Theater review: ‘All the Rage’

Theater review: ‘All the Rage’

In his very fine new play, “All the Rage,” Martin Moran continues his exploration of how people are hurt and how they heal.

Moran is a New York actor and author in his early 50s with nice-guy good looks and a gentle demeanor.

He recalls, with a sheepish smile, paying the bills by making dopey clip-clop sounds with coconut shells on Broadway in “Spamalot.”

But his life isn’t just about funny business. Anything but.

In 2004, in his autobiographical show, “The Tricky Part,” he recalled being sexually abused as a boy by a camp counselor.

“All the Rage,” in a way, is a sequel to the earlier work. The new play affirms Moran’s stature as an endearing and entertaining writer and storyteller.

Dressed in preppy striped shirt and plain pants, he begins the show with a few niceties, and by saying, “I’m dying to share a dream.”

Before he does, he takes a detour. It’s one of several hops across time and space during the show’s 80 minutes.

His tale leaps to Las Vegas, where he’s at his father’s funeral. He’s about to let his stepmother, a woman he’s despised for decades (whom he describes in hilarious detail), really have it.

And then, in a blink, the narrative darts to Manhattan.

Dissatisfied, or maybe in what he calls a “midlife meltdown,” Moran is on a search for meaning. This leads him, after various dead ends, to becoming a translator for a young African man who is a torture victim now seeking asylum in America.
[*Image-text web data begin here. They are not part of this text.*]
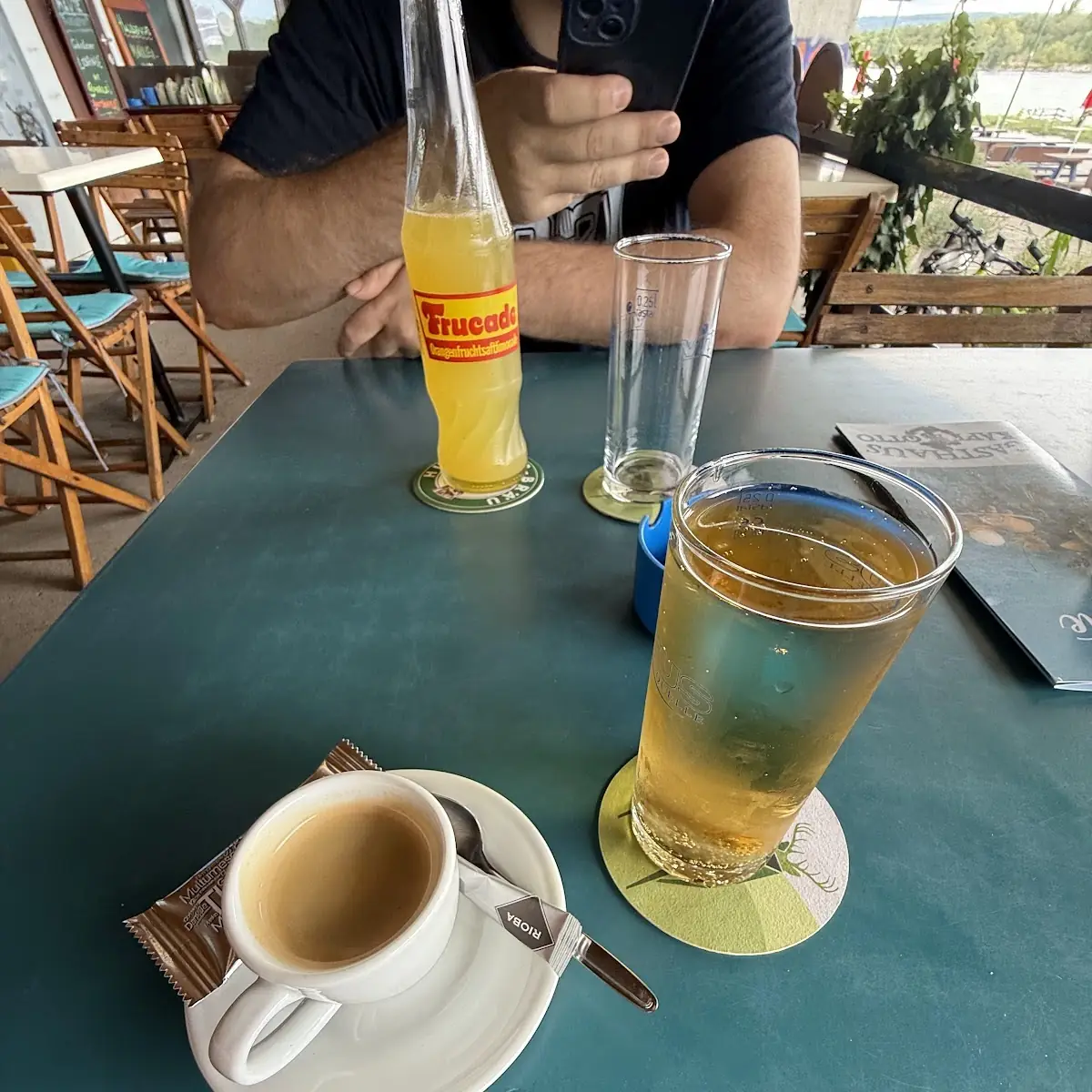 Essen und Trinken photo 4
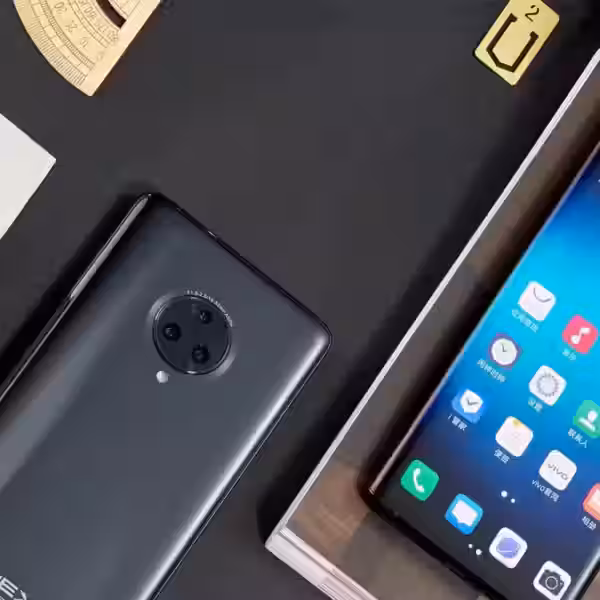 vivo nex 3 smartphone in china featured image 1568x882 1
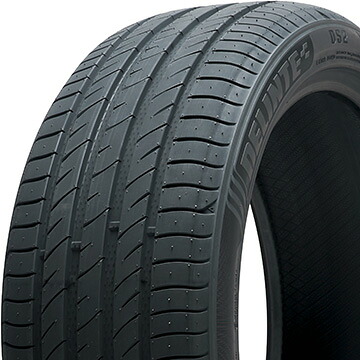 【2本セット 送料無料】 DELINTE デリンテ DS2(限定) 215/65R16 102H XL 夏タイヤ サマータイヤ 単品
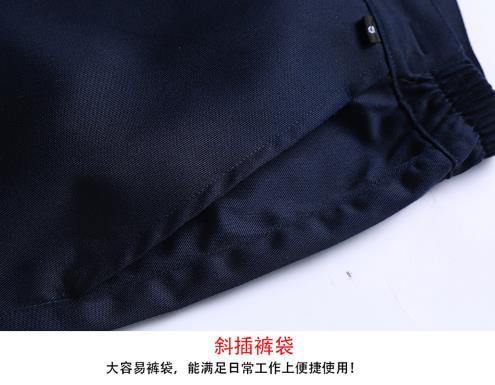 云南工作服现货批发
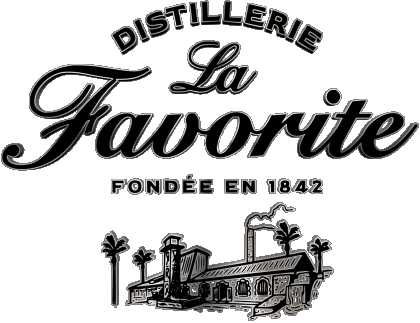 La Favorite Rum Getränke 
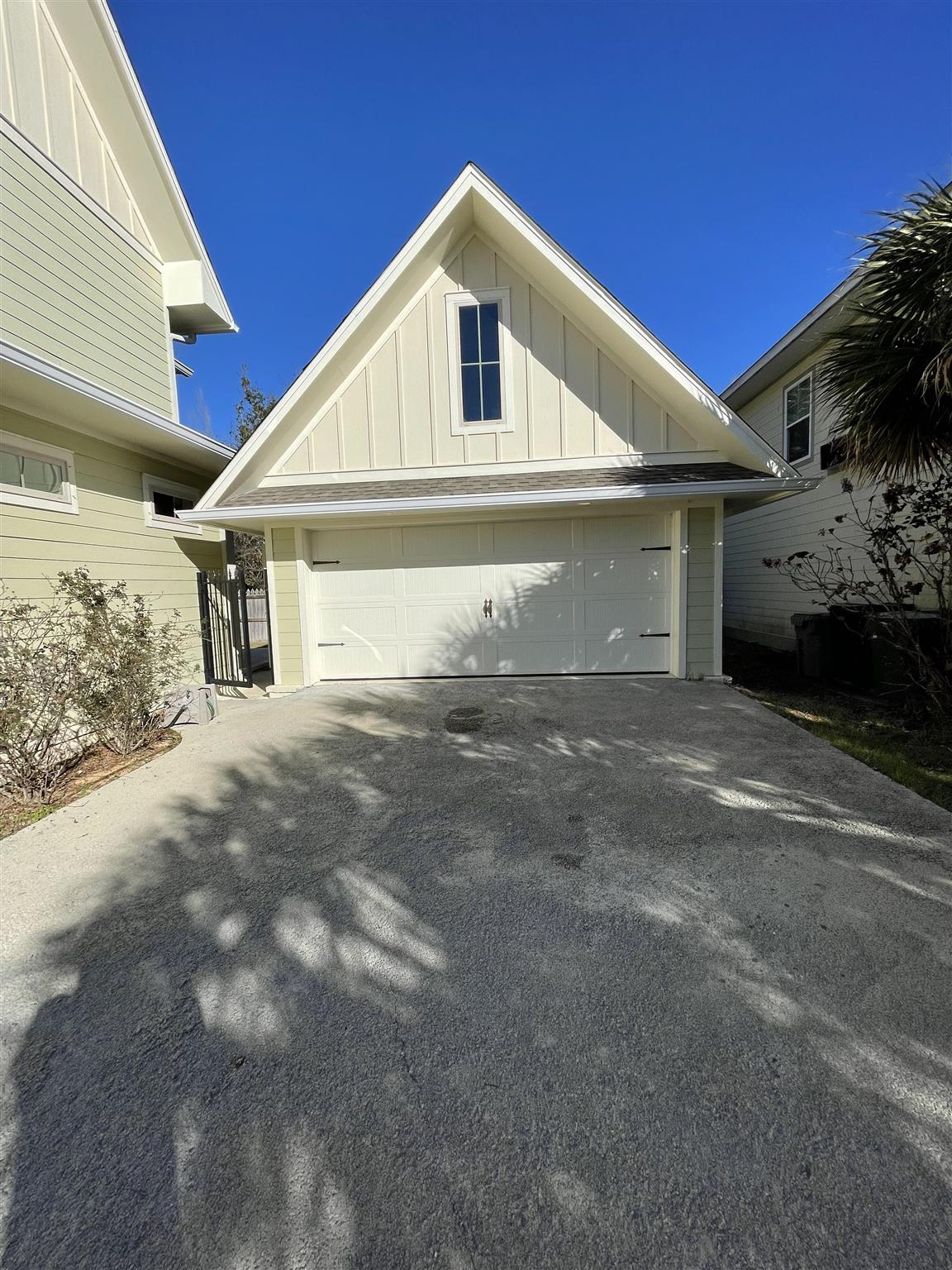 10692 Squall Line Road Pensacola, FL 32507 - Photo 4 of 29 a front view of a house with a yard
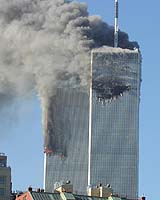 Terror Threat Still There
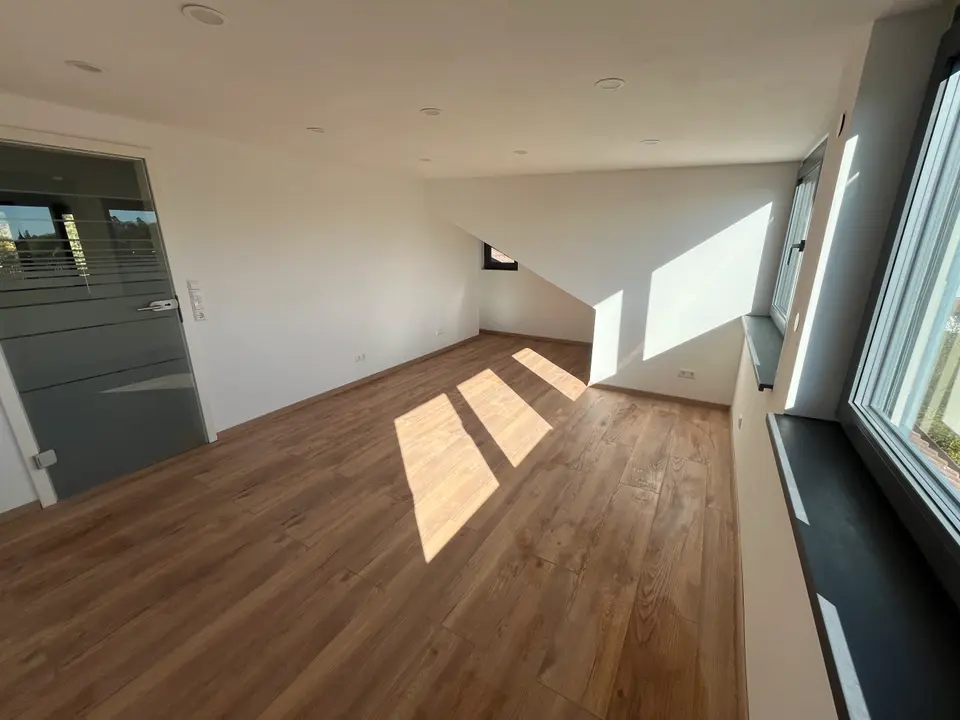 4 Zimmer Wohnung mit 110 m² in Sindelfingen – Bild 8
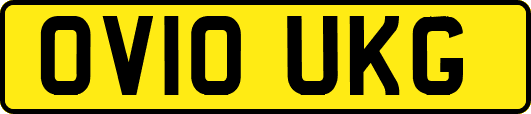 OV10UKG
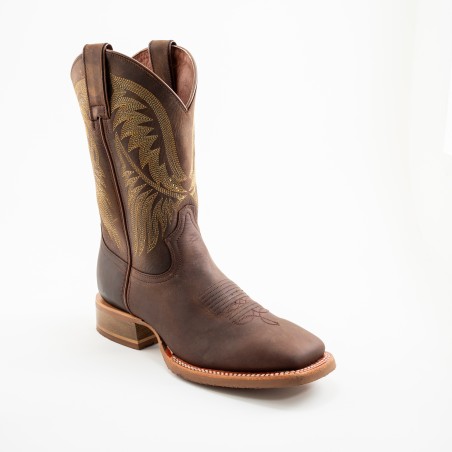 BOTA TONY LAMA LEON RUST TB8673-1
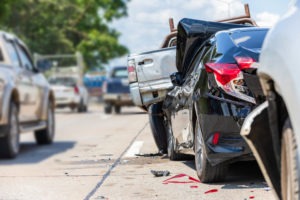 Whittier Car Accident Lawyer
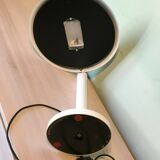Estiluz metal desk lamp to lay vintage design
Getting on after being victimized. Forgiving something unforgivable. The threads of parallel lives start to emerge and eventually tie together.

As he relates the story, Moran relies on a globe, maps and an old-school opaque projector, like an eager-beaver teacher trying to keep everyone in the audience on the same page.

If the story seems all over the map, the carefully charted circuitous route is one of the strengths of the piece. All roads lead eventually to the destination of that dream Moran was aching to share. It has to do with survival and the significance of anger and forgiveness toward that end.

Under the direction of Seth Barrish, Moran moves his 80-minute odyssey seamlessly. It’s always entertaining and often affecting.

At various points he engages the audience. It’s as though we’re his close intimates and it really matters to him that we get him. We do.